Requires a flattening step.

In the FeRAM structure shown in FIG. 6A, if the solid phase growth film 11b is not planarized by CMP, as shown in FIG. 6A is deposited in such a manner that the film thickness of the amorphous silicon layer 11a is increased, and as a result, the step 11B of the unevenness shown in FIG. When the growth film 11b is formed, the polarization vs. electric field hysteresis curve (d) of the strain-induced BSTO epitaxial film 14 above the growth film 11b is as shown in FIG. 7 (b).
A slight improvement in properties can be seen.

FIG. 8 is a diagram illustrating a third embodiment of the method of manufacturing a semiconductor memory device according to the present invention. The third embodiment aims at reducing the resistance value of the epitaxial contact plug portion and further reducing the power consumption of the semiconductor memory device as compared with the semiconductor memory devices of the first and second embodiments. It is a thing.

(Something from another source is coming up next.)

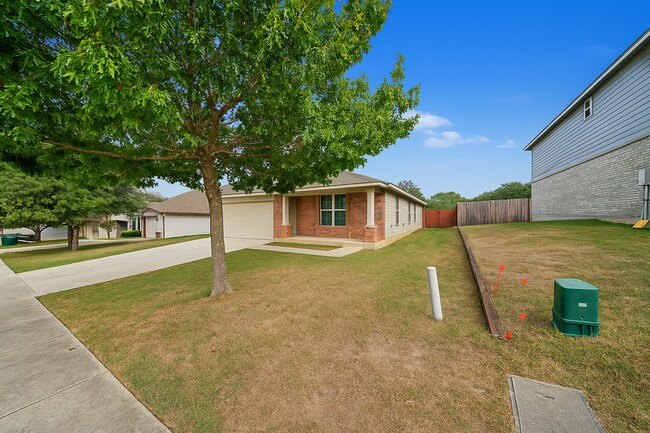 Building Photo - Charming Single-Story in Cibolo - Realtor Commission: $500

That is, in the third embodiment, the Si epitaxial layer 11 in the first and second embodiments described with reference to FIGS. 1 and 2 is a silicon germanium epitaxial mixed crystal film, or is amorphous. The Si layer 11a and the silicon epitaxial solid phase growth film 11b are respectively used as a solid phase growth film of an amorphous silicon germanium mixed crystal film and a silicon germanium epitaxial mixed crystal obtained by solid phase growth of the amorphous silicon germanium mixed crystal film. By replacing each correspondingly, the series resistance of the epitaxial contact portion is further reduced, and low power consumption is realized.

FIG. 8A shows the series resistance value of the Schottky interface (both in the opposite direction when about 3 V is applied). The series resistance value of the Schottky interface between TiN and P-type Si, which are barrier metals, is shown. (E) shows the series resistance value (f) of the Schottky interface between TiN and P-type silicon germanium (germanium mixed crystal ratio 20%). FIG. 8 (a)
As is clear from the above description, silicon germanium (f) has a smaller series resistance value, which indicates that it is useful for reducing the power consumption of FeRAM. Further, FIG. 8 (b)
Shows a circuit for measuring the actual series resistance of the Schottky interface, in which P is between P-type Si (100) and TiN.
Type Si or P type Si _0.8 Ge _0.2 is interposed, and a current I-voltage V measuring device 18 is connected via both upper and lower Al electrodes 17a and 17b.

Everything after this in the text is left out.